# UUC SSK Installed - First Impressions



## Ack (Mar 16, 2002)

palooka666 said:


> *you selling your m68's? *


I will be in the spring. Or then again, I guess if I'm buying new wheels and rims, I could sell them now since I have my winter's on.

I'll have to take some pics of the rims with the conti's on them. The fronts have plenty of tread, the rears are almost shot. The rims are in perfect condition.


----------



## webguy330i (Jan 9, 2002)

Ack said:


> *Haha, I bet man. . .
> 
> I checked out the web last night and couldn't find any direct links to online stores that carry the ECIS CAI. If you know of some, send me the links.
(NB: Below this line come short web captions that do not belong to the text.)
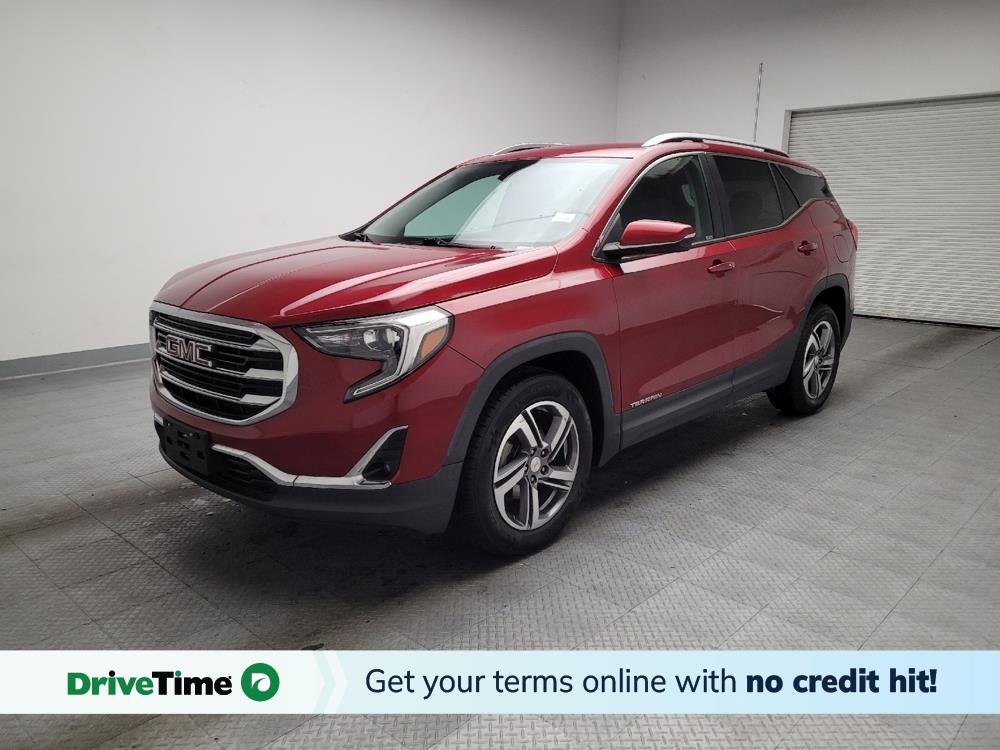 Used 2019 GMC Terrain SLT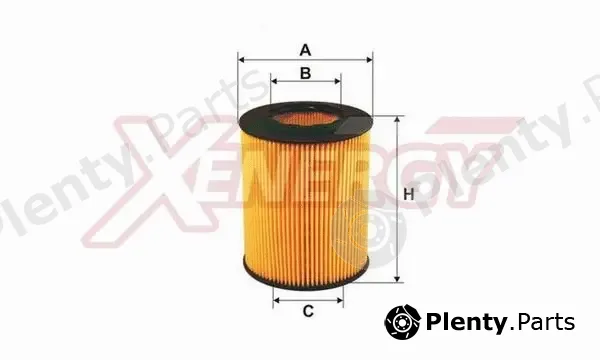 Ap Xenergy X1524507 — Oil Filter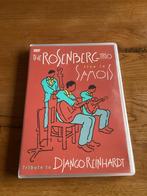 DVD The Rosenberg Trio “Live in Samois”, Cd's en Dvd's, Alle leeftijden, Ophalen of Verzenden, Zo goed als nieuw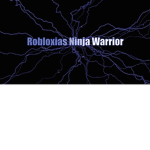 Robloxias Ninja Warrior
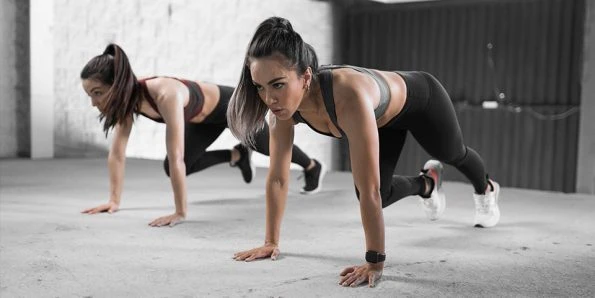 Start Your Personal Trainer Career as a HIIT Coach with a Personal Trainer Diploma from TRAINFITNESS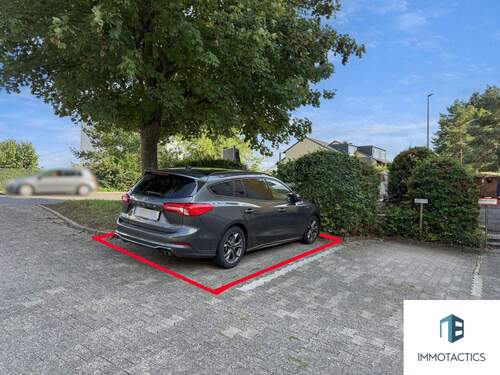 Parkplatz - 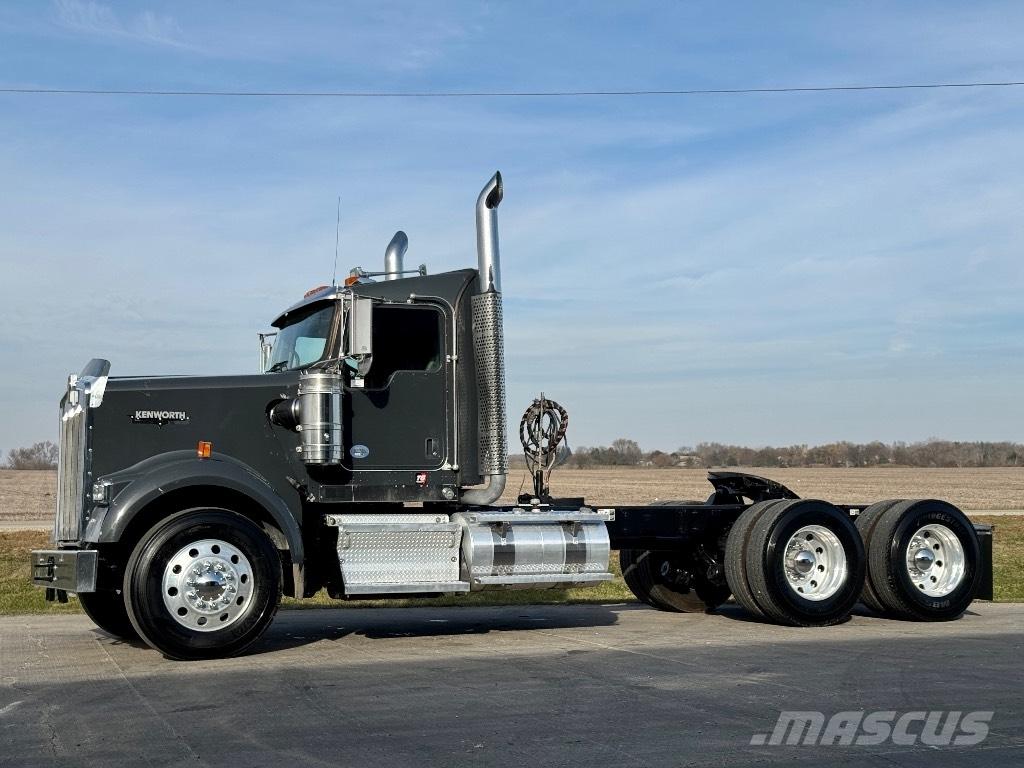 Kenworth W900 Traktorske jedinice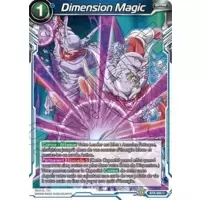 Dimension Magic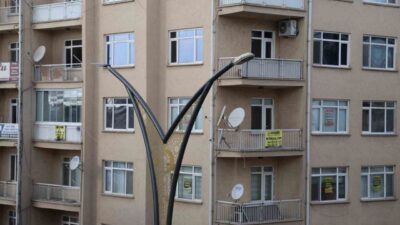 KIRŞEHİR (İHA) – Kırşehir’de Tüm Emlak Danışmanları Birliği Başkanı Zeynal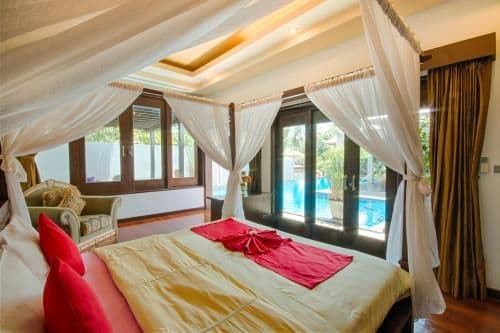Three-Bedroom Villa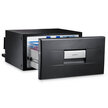 Dometic Coolmatic CD 20 Black Drawer Refrigerator Drawer Open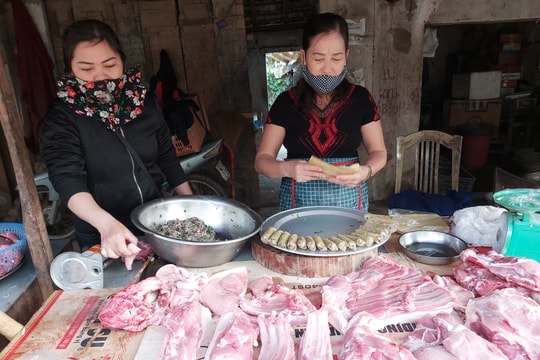 Nhiều nông hộ chưa tái đàn, Nghệ An thiếu hụt nguồn cung lợn thịt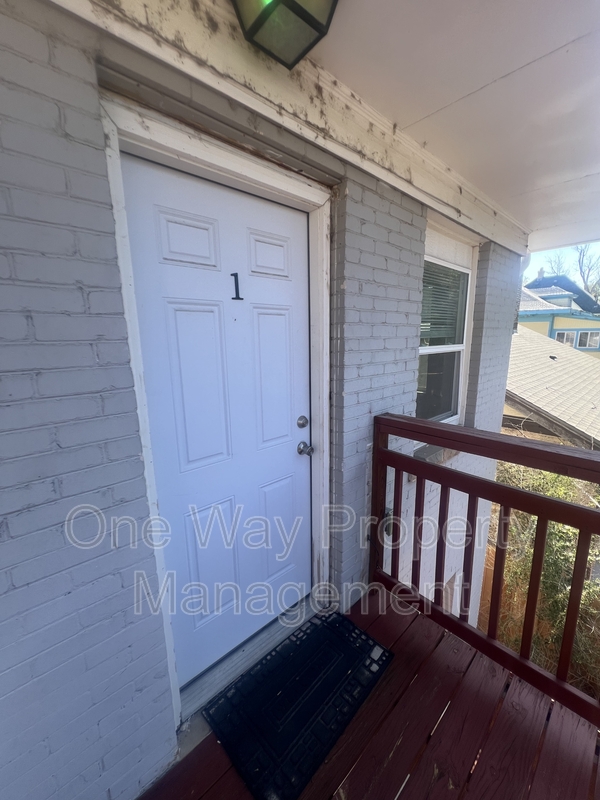 Greeley Condo: 1317 11th Ave. - 1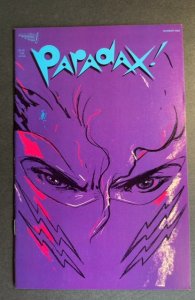 Paradax #1 (1987)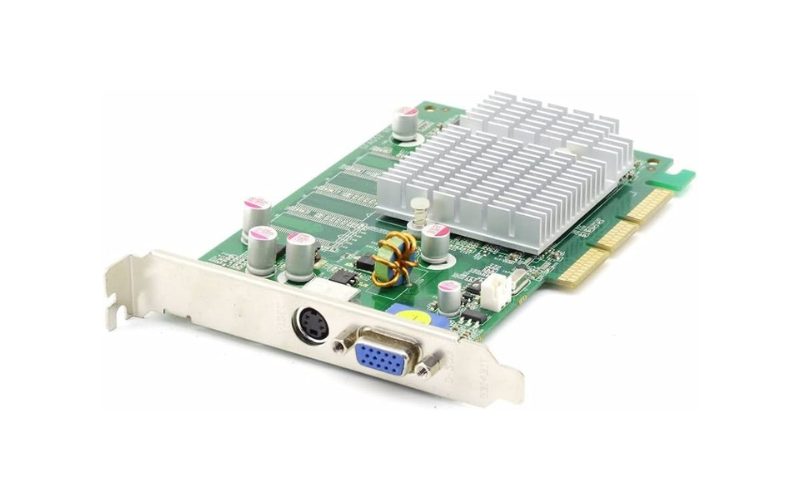 128MB Graphic card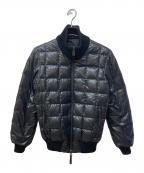 DUVETICAデュベティカ）の古着「Greco/ダウンジャケット」｜ブラック
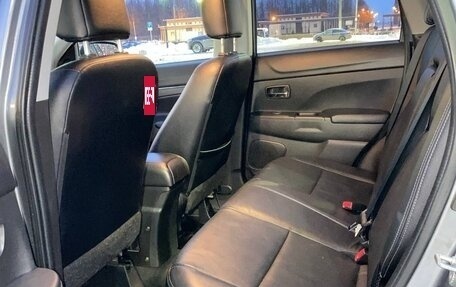 Mitsubishi ASX I рестайлинг, 2013 год, 990 000 рублей, 13 фотография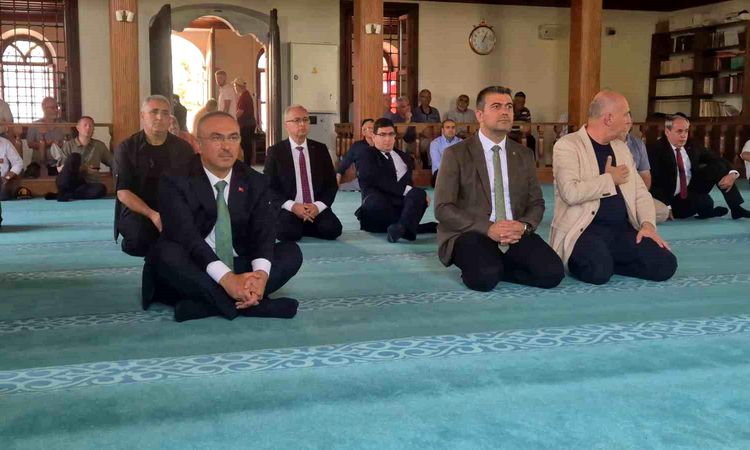 15 July commemoration: Mevlid-i Şerif in Orta Mosque - News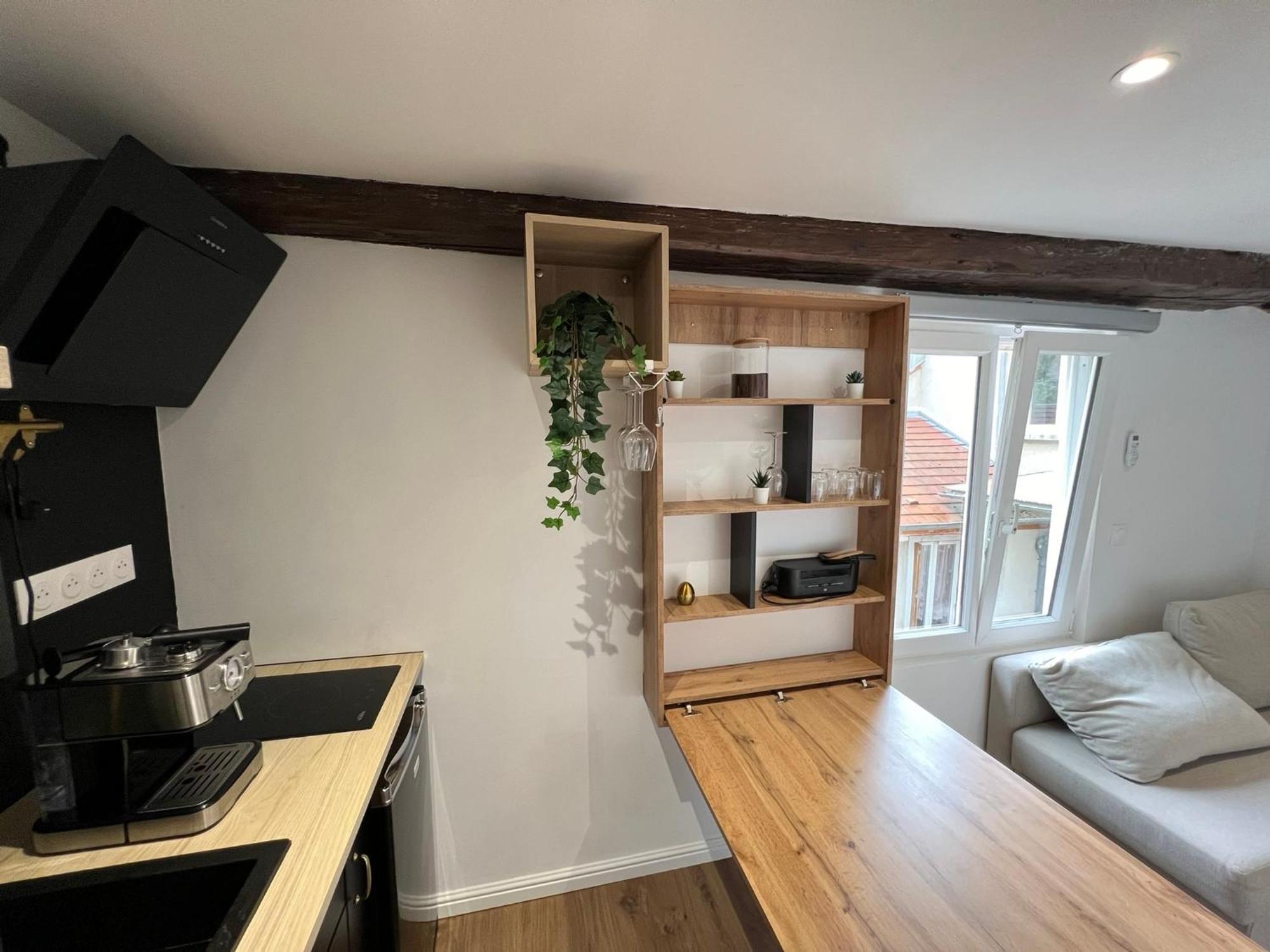 Le Coquet Hyper Centre Climatise Apartment Salins-les-Bains Bagian luar foto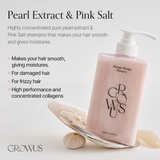 Damage Therapy Shampoo (500ml / 16.91 fl.oz.)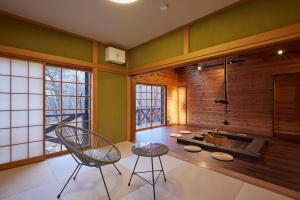 rinne 2nd living Nasu Garden 2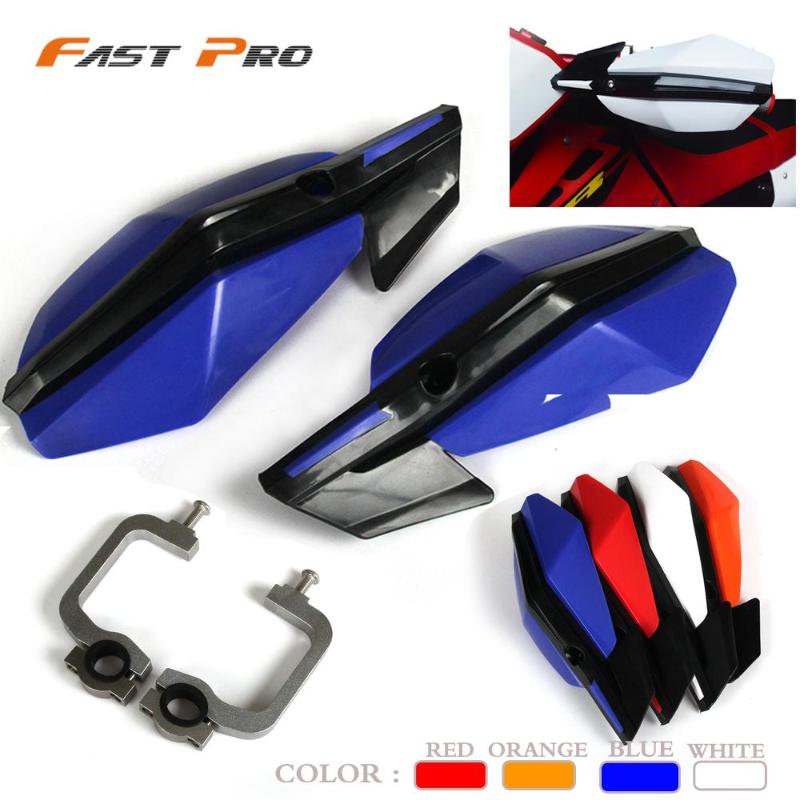 Motorcycle Handlebar Handguard Hand Guard Protector For YZ 125 250 80 85 450 426 YZ250250 WR450F WR250F YZ450F WR125
Motorcycle Handlebar Handguard Hand Guard Protector For YZ 125 250 80 85 450 426 YZ250250 WR450F WR250F YZ450F WR125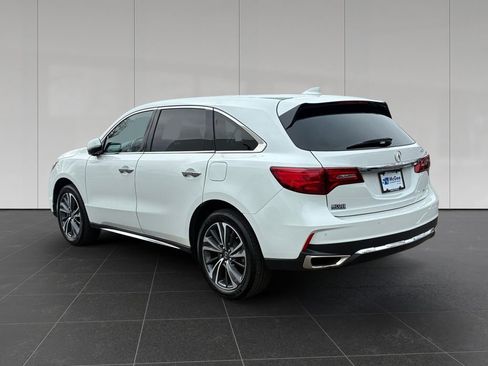 Used 2020 Acura MDX SH-AWD w/ Technology Package image 3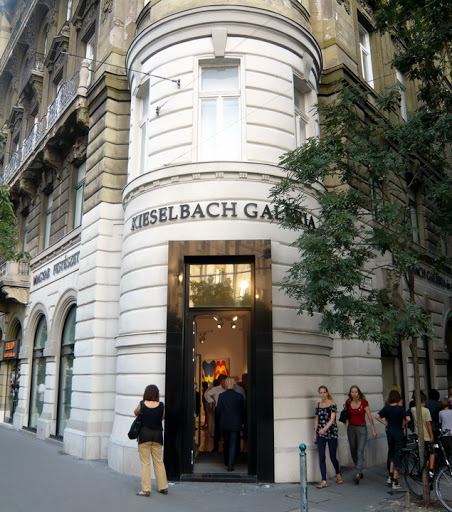 Kieselbach Galéria, aukciósház és webáruház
I'm pricing out 18'" rims with S03's and its coming to around $1,750. A total of $2k to drop on the car come spring. Aaahh, I'm nuts!! *


Dude order it up from here!

http://www.ecisbmw.com/order.htm

Don't wait until spring either dammit.


----------



## Mystikal (Dec 20, 2001)

Hey Ack, you going through with the Miglia's for the summer set too? Or are you trying something different now?

If you want it to be a surprise don't bother answering.


----------



## Mystikal (Dec 20, 2001)

webguy330i said:


> *Dude order it up from here!
> 
> http://www.ecisbmw.com/order.htm
> 
> Don't wait until spring either dammit.  *


You encouraging little bastard...:lmao:


----------



## webguy330i (Jan 9, 2002)

Mystikal said:


> *You encouraging little bastard...:lmao: *


lol, the best part is that I told him it was $399 the other day, but it's now $325, so he can't resist.


----------



## Mystikal (Dec 20, 2001)

webguy330i said:


> *lol, the best part is that I told him it was $399 the other day, but it's now $325, so he can't resist. *


If I had a 330 I'd just open up the exhaust valve and live happily ever after. With my little 323 though, I'm still thinking about the Shark Injector. No cheap free mods for me. :banghead:


----------



## webguy330i (Jan 9, 2002)

Mystikal said:


> *If I had a 330 I'd just open up the exhaust valve and live happily ever after. With my little 323 though, I'm still thinking about the Shark Injector. No cheap free mods for me. :banghead: *


Haha, that's exactly what I've done. But now I crave even more sound...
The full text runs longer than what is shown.